17 Trainerstationen in 26 Jahren: Hannovers U23-Coach Michael Krüger hat nicht nur auf dem Papier viel erlebt. Mit SPOX spricht er über ein richtungsweisendes Abkommen mit Peter Neururer, seine irrwitzigen ersten Schritte in Ägypten, den Status "Nationalheld", aber auch die Schattenseite des Jobs: Korruption, Lebensgefahr und seine sehr besorgte Familie.
SPOX: Herr Krüger, Sie sind zurück in Deutschland und nun U23-Trainer bei Hannover 96. Schaut man sich Ihre Vita an, stellt sich aber eigentlich nur die Frage: Wann zieht es Sie wieder ins Ausland?
Michael Krüger: Ich glaube nicht mehr. Als ich letztes Jahr aus Ägypten zurückkam, habe ich beschlossen, dass ich jetzt oft genug weg war. Mein Wunsch war es seit längerer Zeit, für den letzten Abschnitt meiner Karriere in den Nachwuchs zurückzukehren. Dass sich diese Möglichkeit in Hannover ergeben hat, ist für mich ideal. Nach all dem Reisen bin ich wieder bei meiner Familie und meinen Freunden.
SPOX: Seit Beginn Ihrer Cheftrainerlaufbahn 1989 waren Sie für 14 verschiedene Vereine tätig, unter anderem den VfL Wolfsburg, Eintracht Braunschweig und Alemannia Aachen. Haben Sie Ihre fußballerische Heimat noch nicht gefunden oder sind Sie einfach ein Globetrotter?
Krüger: Ein Globetrotter bin ich mit Sicherheit nicht, denn vieles hat sich im Laufe der Zeit einfach so ergeben. Der Wechsel zu Braunschweig, nachdem ich drei Jahre die U23 des VfL trainiert hatte, war eine riesige Chance. Mit dem Aufstieg in die 2. Liga haben wir dann auch eine schöne Erfolgsgeschichte geschrieben. Ich war dennoch nie einer der Trainer, die sich ihre Klubs nach Belieben aussuchen konnten.
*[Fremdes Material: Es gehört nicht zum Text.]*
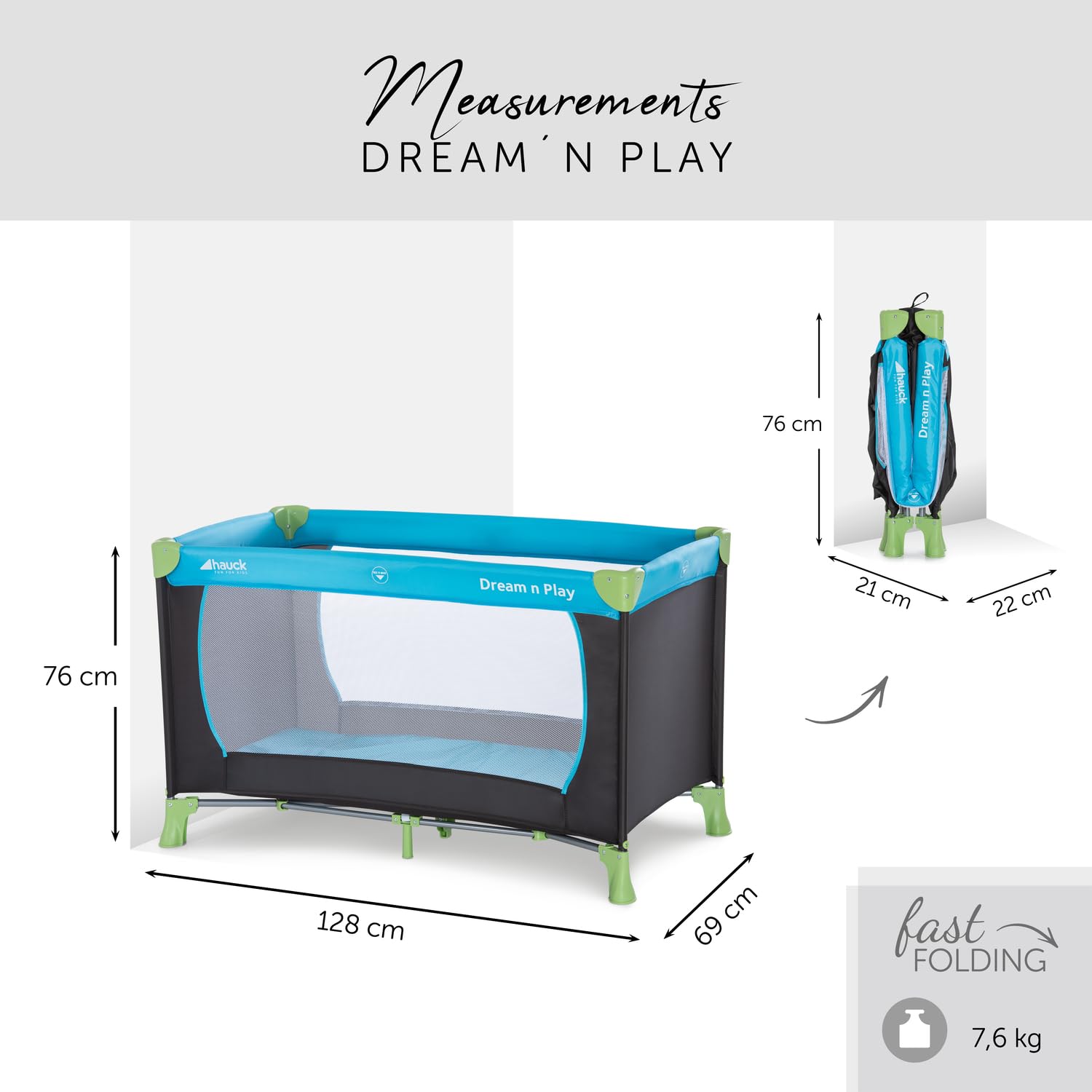 hauck Lettino da Viaggio Dream N Play - Culla Neonato Fino a 15kg - Letto Pieghevole 60x120cm - Box Bambini Leggero con Borsa inclusa - Blu multicolore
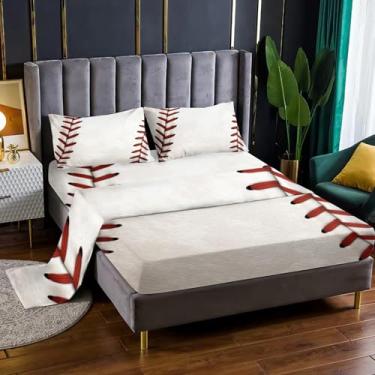 Imagem de Nttopship Jogo de cama solteiro de beisebol, 4 peças, com bolsos profundos, decoração de quarto esportivo, 4 peças (1 lençol + 1 lençol + 2 fronhas)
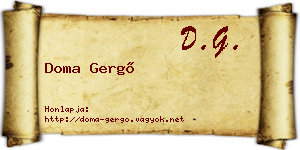 Doma Gergő névjegykártya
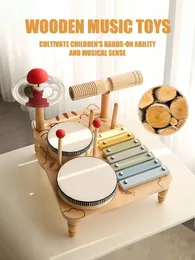 Dzieci drewniana muzyka instrumentu perkusji perkusja harfa perkusja perkusja gong ręka dziecięca beat bęben edukacyjny zabawki 240529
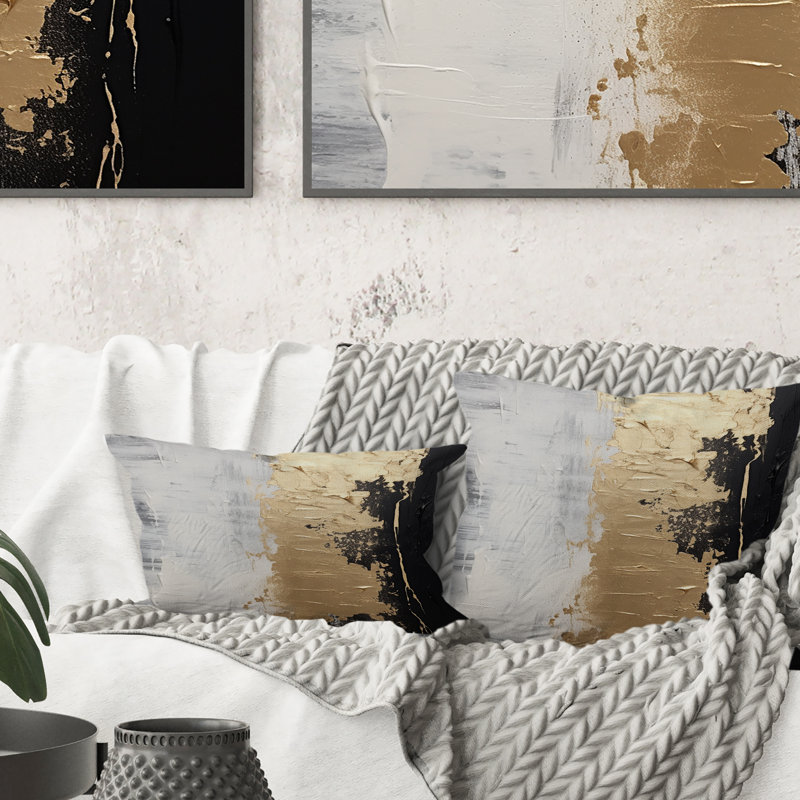 Essential Nature Of Alchemy Abstract Gold Black II - Abstract Painting Printed Throw Pillow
Deshalb war es wichtig, sich durch gute Arbeit für weitere Anstellungen zu empfehlen.
SPOX: Ihre Trainerlizenz haben Sie 1987 unter anderem mit Horst Hrubesch, Michael Henke und Peter Neururer gemacht. Mit Letzterem bildeten Sie von 1987 bis 1989 das Trainerteam auf Schalke. Wie hat er Sie in Ihrer Arbeit geprägt?
Krüger: Das fing schon bei unserem Kennenlernen an, das höchst kurios verlief.
SPOX: Inwiefern?
Krüger: Wir haben einmal gegeneinander gespielt - er als Abwehrspieler des STV Horst-Emscher, ich als Stürmer für den FC Paderborn. Ich habe ihn im direkten Duell fürchterlich eingedreht, wofür er sich recht schnell revanchiert hat. Denn es ist ja bekannt, dass Peter kein guter Kicker war, dafür aber ein umso besserer Treter. (lacht) Auf dem Lehrgang 1987 haben wir uns wiedergesehen und es ist schnell eine Freundschaft entstanden. Als wir ein paar Wochen später in nicht mehr ganz nüchternem Zustand um die Häuser zogen, haben wir uns geschworen: Wer zuerst den Sprung ins Profi-Geschäft schafft, holt den Anderen nach.
SPOX: So sind Sie beim FC Schalke gelandet?
Krüger: Genau. Peter hat den Verein übernommen und in der 2. Liga gehalten. In der neuen Saison wurde ich sein Co-Trainer. Solche Kapriolen waren früher wohl eher möglich.
SPOX: Trotz Ihrer guten Referenzen in Deutschland überraschten Sie 1995 plötzlich mit der Entscheidung, nach Ägypten zu wechseln und die Arab Contractors zu trainieren. Was bewegte Sie zu diesem außergewöhnlichen Schritt?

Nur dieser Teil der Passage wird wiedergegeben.